> Required action: Leave out the pictures and set down exactly the lines from the start of the listing through the one with "Building Photo - 1119 Jerome St", both included.

> Information supplied:
——————————

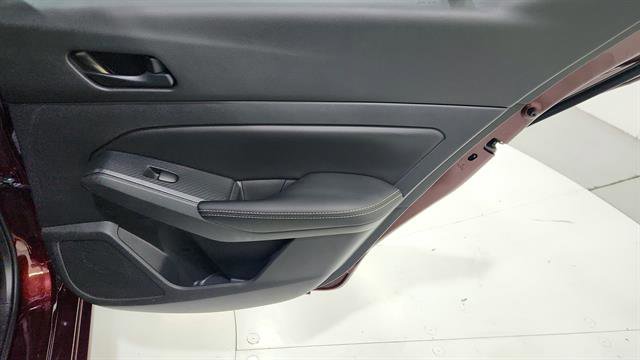Certified 2024 Nissan Altima 2.5 SV w/ SV Premium Package FWD image 35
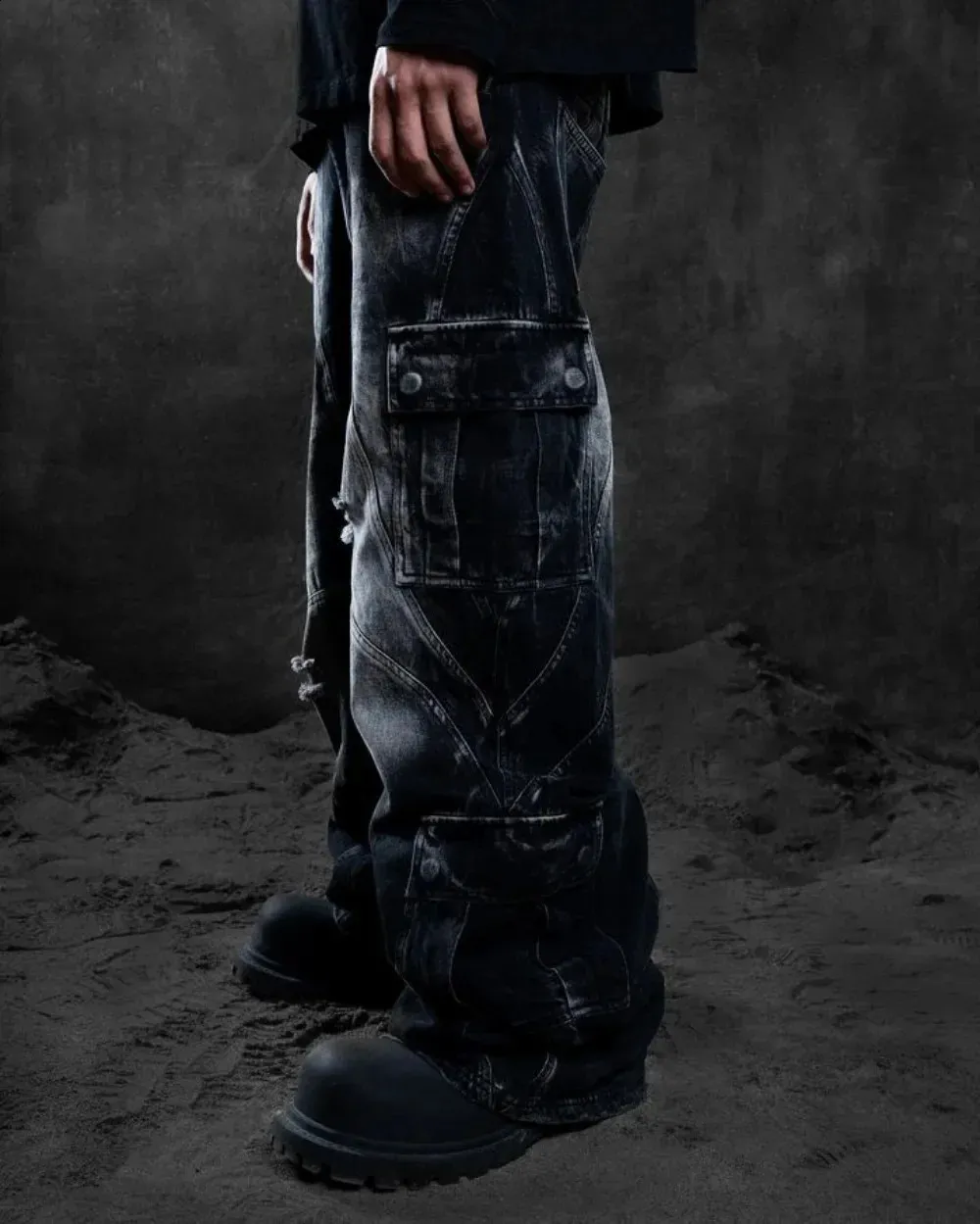 Y2k Gothic Punk Retro Men's baggy jeans with Multi Y2k Gothic Punk Retro Men's baggy jeans with Multi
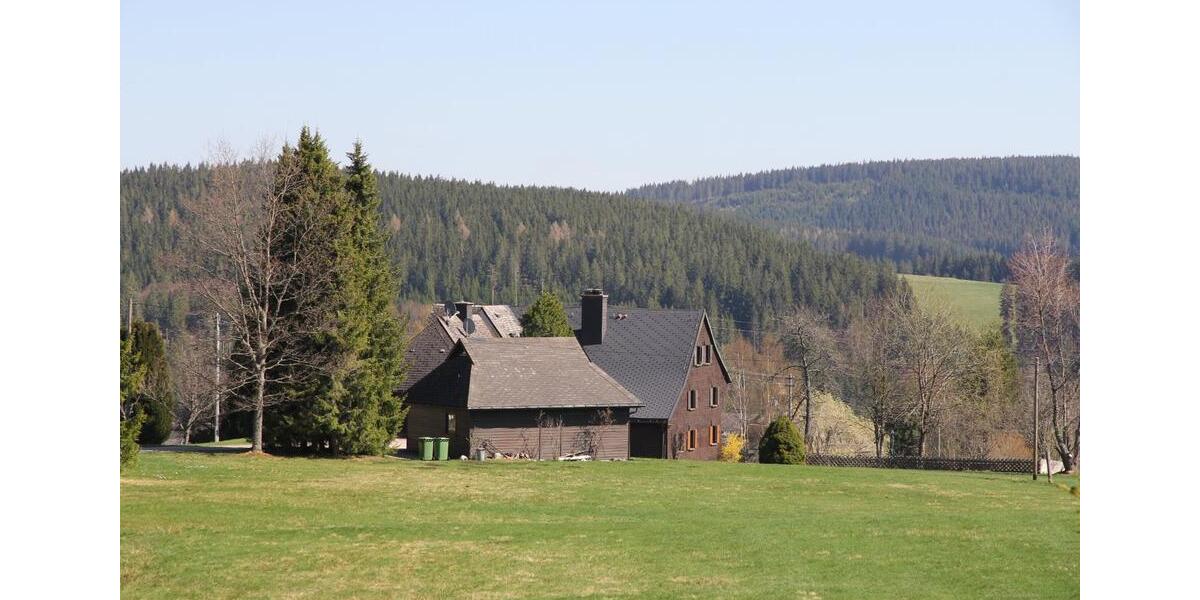 Mehrfamilienhaus, Wohnhaus Feldberg (Schwarzwald) - 6 Zimmer, 131 m&sup2;, 1.120&euro; | Angebot:25976657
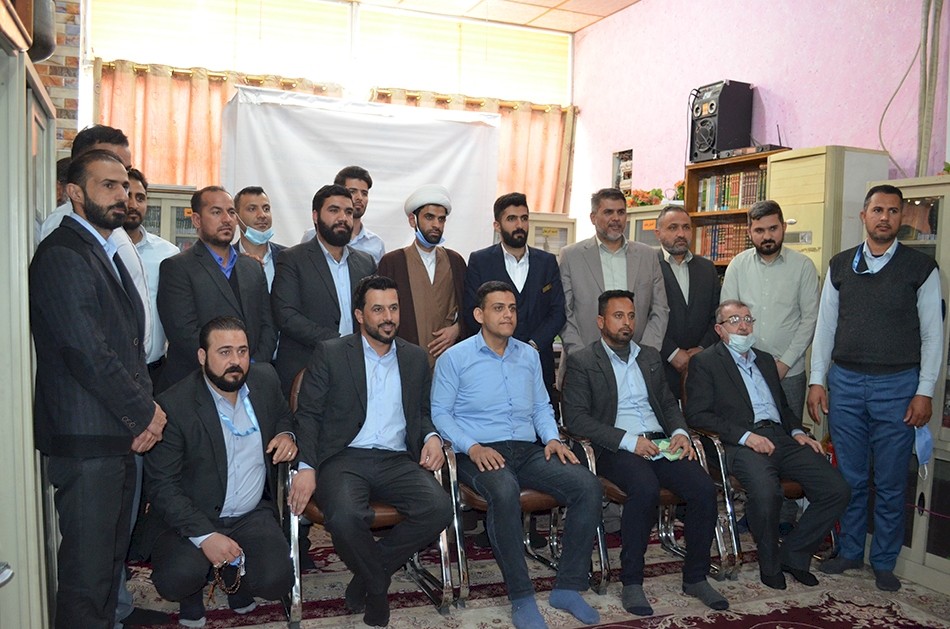 فن التعامل مع وسائل التواصل الاجتماعي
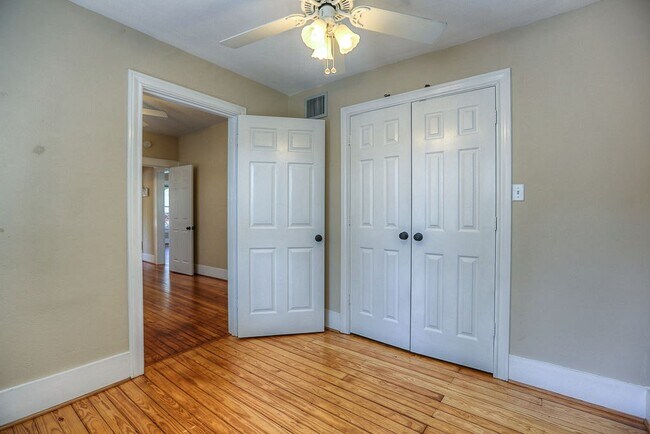 Building Photo - 1119 Jerome St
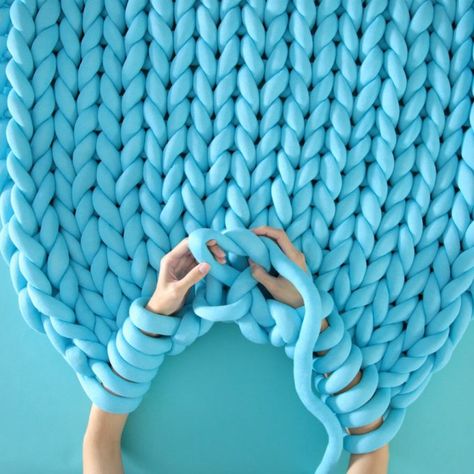 Braid Blanket, Arm Crocheting, Homemade Blankets, Crochet Blanket Diy, Diy Tricotin, Diy Knit Blanket, Arm Knitting Blanket, Arm Knit, Hand Knit Blanket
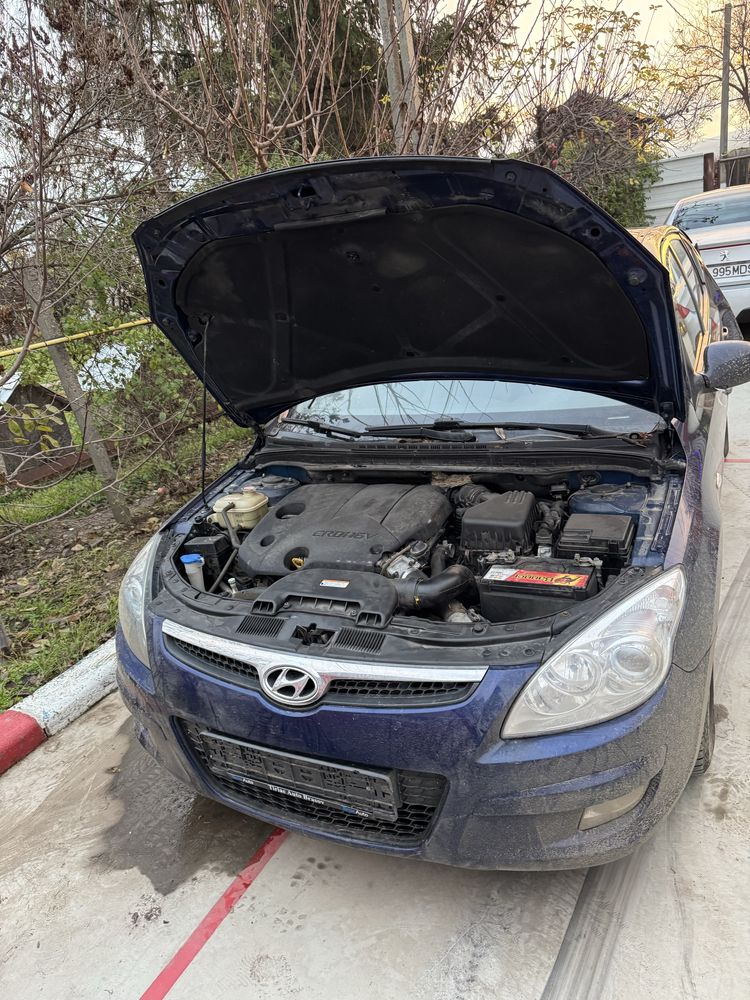 Dezmembrez Hyundai i30 2007-2011 1,6 crdi cod motor D4FB doar 73000km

——————————

> Task answer:
Certified 2024 Nissan Altima 2.5 SV w/ SV Premium Package FWD image 35
 Y2k Gothic Punk Retro Men's baggy jeans with Multi Y2k Gothic Punk Retro Men's baggy jeans with Multi
 Mehrfamilienhaus, Wohnhaus Feldberg (Schwarzwald) - 6 Zimmer, 131 m&sup2;, 1.120&euro; | Angebot:25976657
 فن التعامل مع وسائل التواصل الاجتماعي
 Building Photo - 1119 Jerome St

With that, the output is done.